At the beginning of May 1926, the first vehicle was sold to the office of Tomáš Garrigue Masaryk (1850-1937) for 280,000 korunas. The corresponding order was placed on 25 July 1925, and included several requests that the head of state made himself. After the bespoke body design had been approved – a limousine with a glass partition wall between the driver and the passenger compartment in the rear – the Parisian specialist company, Carrosserie Kellner Frères, manufactured the elegant shell. The original ‘N-1’ number plate was replaced with ‘P-118’ in the 1930s; the ‘P’ stood for Prague. After the then 85-year-old President resigned his post in December 1935, the ŠKODA Hispano-Suiza sat in the garage of his official residence, Prague Castle, until 17 March 1936. Subsequently, the car was returned to the manufacturer – its fate thereafter is not known.

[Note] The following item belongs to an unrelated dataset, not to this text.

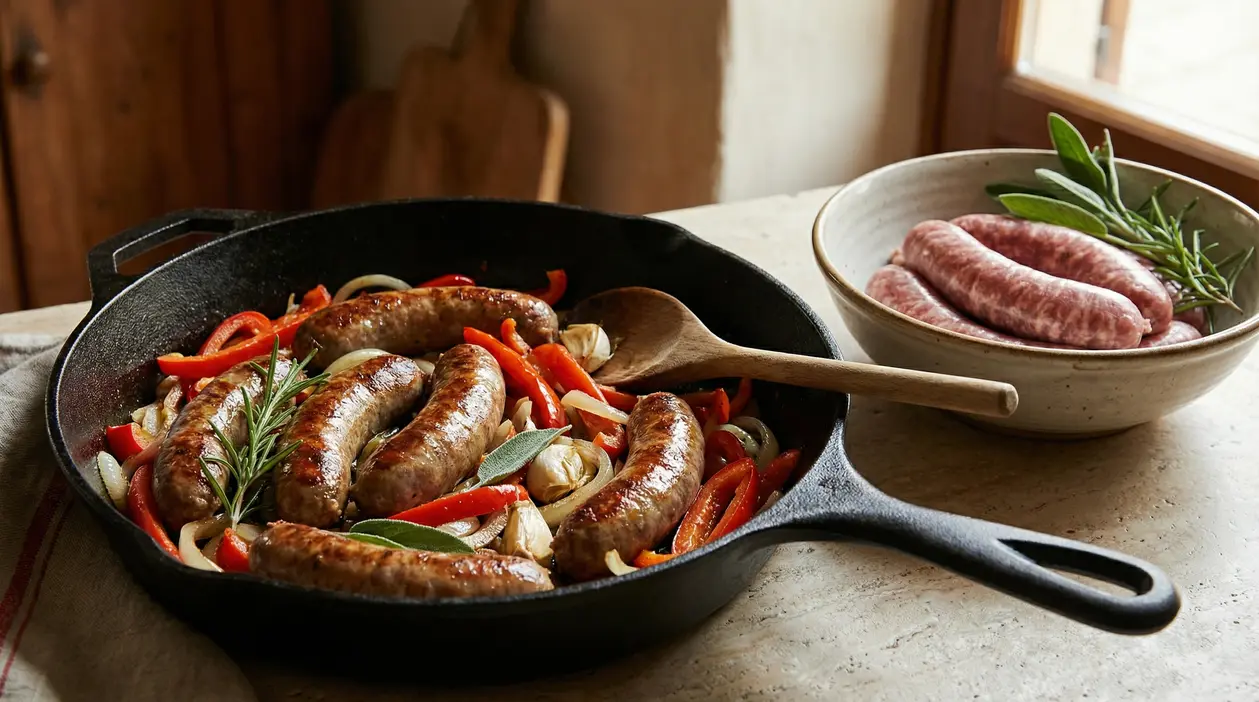 Salsicce rosolate in padella con peperoni, cipolle, aglio e aromi, accanto a salsicce crude in una ciotola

The ŠKODA Hispano-Suiza featured advanced technology which further emphasised the luxurious character of the model range. A 7-bearing crankshaft contributed to the extraordinarily smooth operation of the 6,654 cc six-cylinder engine. It was manufactured from a 350-kg engine block and weighed a substantial 45 kg after the complex build. The mechanically unique brake booster of the limousine, which can weigh up to 2.7 tonnes, used the vehicle’s kinetic energy and progressively supported the drum brakes: the effect was greater with increasing pedal force; braking efficiency was easier to modulate.

Following the end of the Second World War and a time of profound social change, ŠKODA once again supplied a vehicle to the president of Czechoslovakia. The armoured ŠKODA VOS (‘Vládní osobní speciál’; in English: special car for the government) was a prestigious notchback saloon with an opulent chrome trim at the front. A longer version, with armour and 52-mm-thick bulletproof windows, the ŠKODA VOS weighed up to 4,440 kg and had impressive dimensions: 5.70 metres long, 1.95 metres high and 1.75 metres wide. Between 1950 and 1952, around 100 vehicles from this model range were manufactured in different versions. Two Czechoslovakian presidents, Klement Gottwald (1896-1953) and Antonín Zápotocký (1884-1957), drove in one such limousine.

In the following decades up to the fall of the Iron Curtain in 1989, it was predominately models of the Soviet ZIS and ZIL brands that served as state cars at Prague Castle. Four years later, after the formation of an independent Czech Republic, ŠKODA returned to ‘state service’. Václav Havel (1936-2011), a human rights activist and later president, was a big car enthusiast. He insisted on personally testing numerous new ŠKODA models, including the Felicia and the first generations of the Fabia, Octavia and Superb. Václav Klaus, his successor in office, used the limousines of the Superb I and Superb II model ranges during two terms in office (2003-2013).

Miloš Zeman, the current President of the Czech Republic, received his new state car, a third-generation ŠKODA Superb, at Prague Castle on 5 June 2015. The limousine – in pearl-effect Black Magic and with the top-of-the-range Laurin & Klement trim level – is fitted with a turbocharged 2.0 TSI/206 kW petrol engine and DSG automatic transmission.